Такая мягкость, на взгляд пустынников, причинит гораздо меньше вреда, чем агрессивная помощь. Египетская традиция не велит учить друг друга. Если кто-то попросит объяснить тот или иной стих из Писания, лучше ответить: «Я и сам не понимаю». Если кто-то скажет то, с чем ты несогласен, не спорь, а скажи: «Тебе виднее». Если кто-то захочет стать твоим учеником, не назидай его, а будь ему примером. Захочет – последует (Конечно, это очень отличается от уклада монашеских общин, но и там «послушание» развилось постепенно).
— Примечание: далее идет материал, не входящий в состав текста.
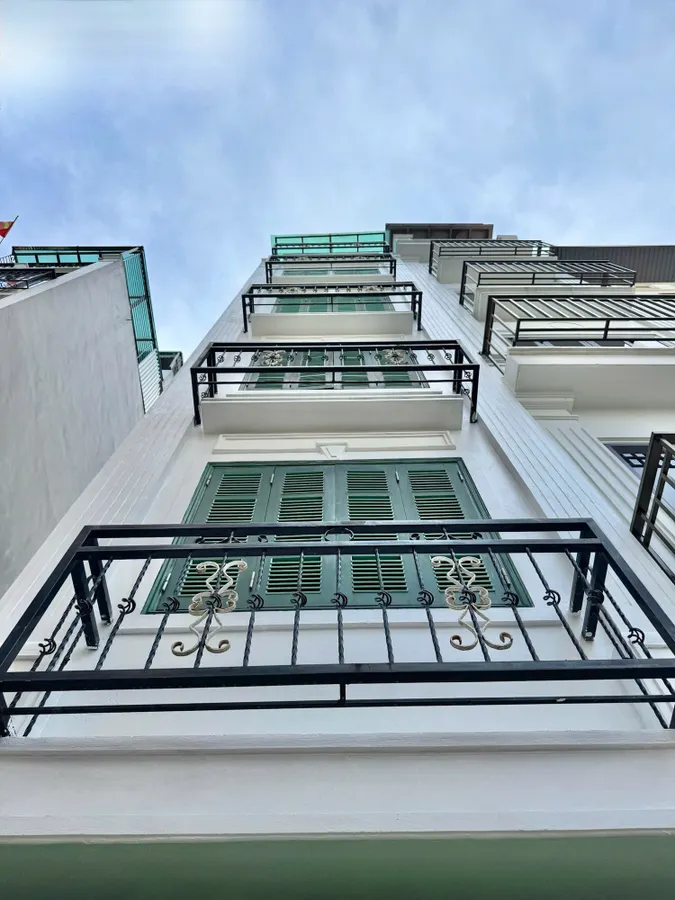 NHÀ ĐẸP MỚI 6 TẦNG Ô TÔ VÀO NHÀ Ngọc Thụy 35 m2 X 6 Tâng 12.5 tỷ Long Biên Hà Nội.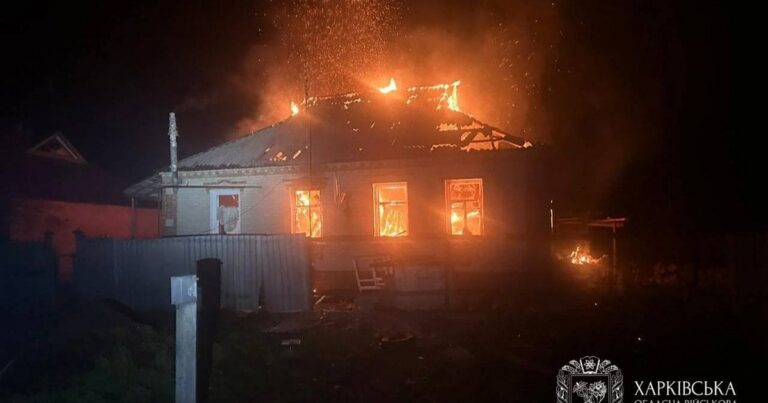 НІЧНА ТРАГЕДІЯ НА ХАРКІВЩИНІ: УДАР БЕЗПІЛОТНИКА СПРИЧИНИВ ПОЖЕЖУ ТА ПОШКОДЖЕННЯ ЖИТЛА – Є ПОСТРАЖДАЛІ!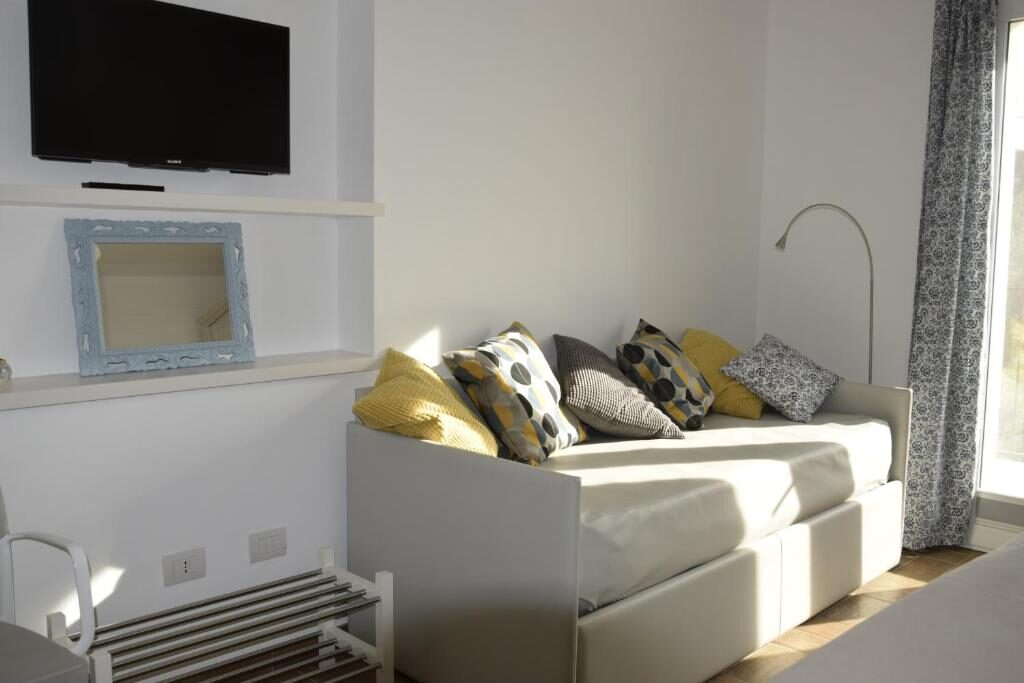 Living area with sofa bed and flat-screen TV at Uliwood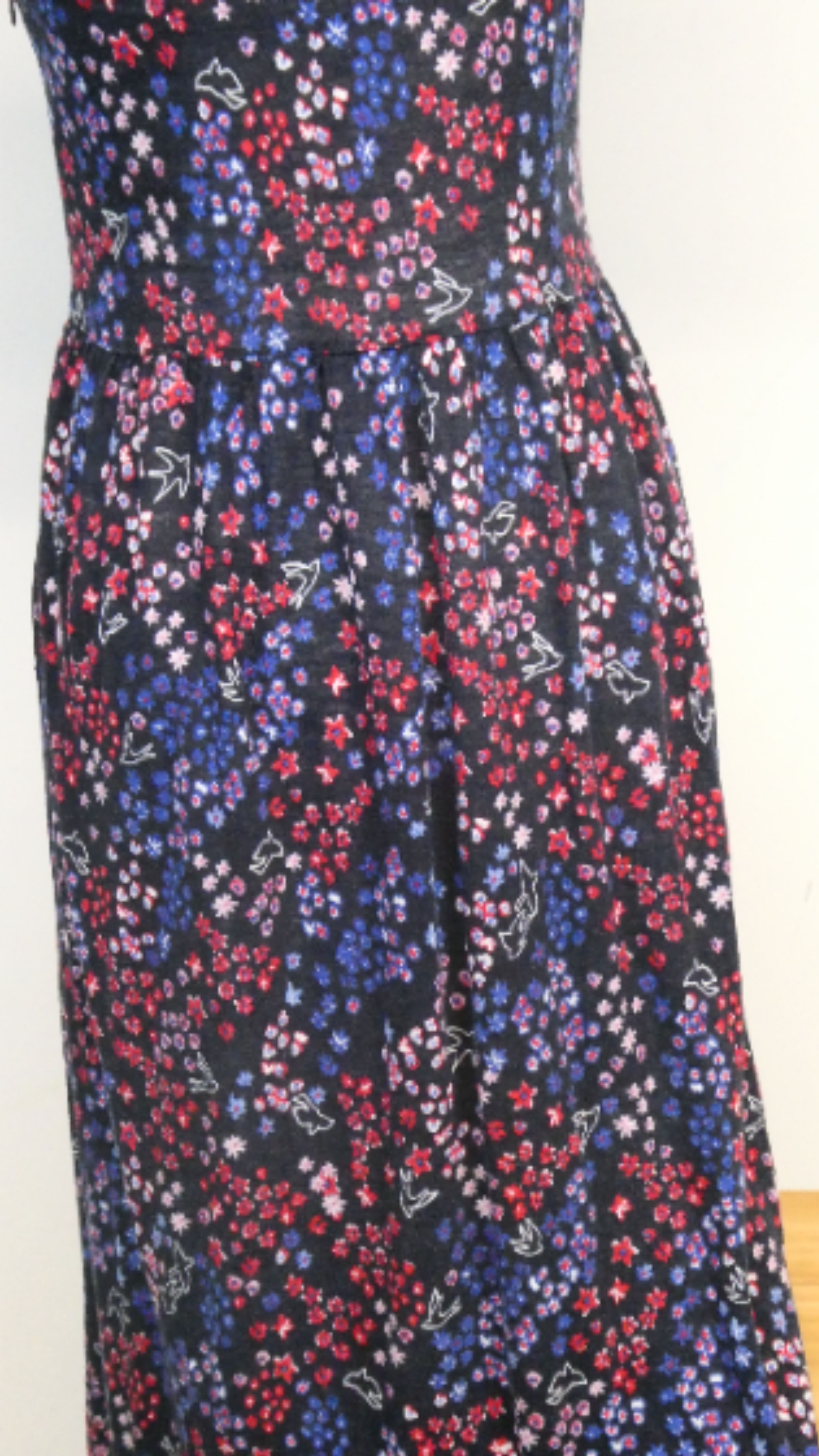 Claudie Pierlot - Robe bleue à fleurs multicolores - T1 - Photo 11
Даже пример, и тот бывает опасен. Авва Исайя вспоминает, как пошел с шестью братьями к авве Сысою, чтобы тот им что-нибудь сказал. Сысой отказался, прибавив: «Вы уж меня простите, я человек неученый». Однако потом он все-таки поведал, как ходил к авве Гору, за тем же самым, а тот сказал: «Смотри на авву Афру и делай то, что он».

Именно этот обычай помог монашеской словесности, всему их преданию. Ссылаясь на кого-то другого, можно передавать учение, ничего не приписывая себе. Но и тут появились опасности: некоторые стали собирать речения монахов и хвалиться ими. И вот авва Феликс отказывается сказать хоть слово, ибо оно, неровен час, будет тешить чье-то тщеславие. Может быть, поэтому предание стало безличным, затвердело в правила, за которые никто не отвечал.

Монаху запрещалось вмешиваться в чьи-то дела, но вменялось терпеть, если пристают к нему. Вот поразительный пример из аввы Исайи. Кто-то принес рыбу авве Гору и авве Афре. Афра стал ее резать, когда Гор его позвал. Он оставил нож в рыбе и вышел. Сысой спросил, где научился он такому послушанию. «От Гора», – ответил Афра, и в доказательство сварил рыбу плохо, она вся рассыпалась. Он понес ее Гору и спросил: «Хорошая рыба, отец?» Гор ответил: «Очень хорошая». Другой кусок он сварил хорошо, отнес и сказал: «Прости, отец, я ее испортил», а Гор отозвался: «Да, испортил немного».

Таких историй сколько угодно, суть – все та же: пусть каждый делает, как хочет, не трогай его. Полную готовность подчиниться считали лучшим путем к святости.

Поверхностный читатель может подумать, что монахи, прежде всего соревновались в аскетической суровости и вели фантастические битвы с бесами, но это не так. Суровость к себе, что бы не значила она у первых аскетов, не считалась путем к «сверхчеловеку» и не была идеалом. Она очень твердо подчинялась более важным ценностям – смирению и милосердию. Так, Илларион говорит, что монахом он не ел мяса, Епифаний – что монахом он никого не оставил обиженным на ночь и сам, завершая день, не был обижен ни на кого. Илларион признает, что это намного выше.

Точно так же и битва с бесами. Драматические экзорцизмы, как и всякое чудотворство, считали поводом к тщеславию. Св. Антоний мог предвидеть будущее, но не хотел об этом говорить. Мало того, он учил не пленяться тем, кто воскрешает мертвых, но не может обуздать собственного гнева.

Как-то к авве Пимену пришел знатный чужеземец, Пимен молчал. Гость вышел и спросил ученика, в чем дело. Тот спросил Пимена, и Пимен ответил: «Он говорит о делах небесных, а я – человек земной». Гость сказал: «Авва, что мне делать, меня борют страсти», и Пимен признал: «Теперь ты говоришь хорошо».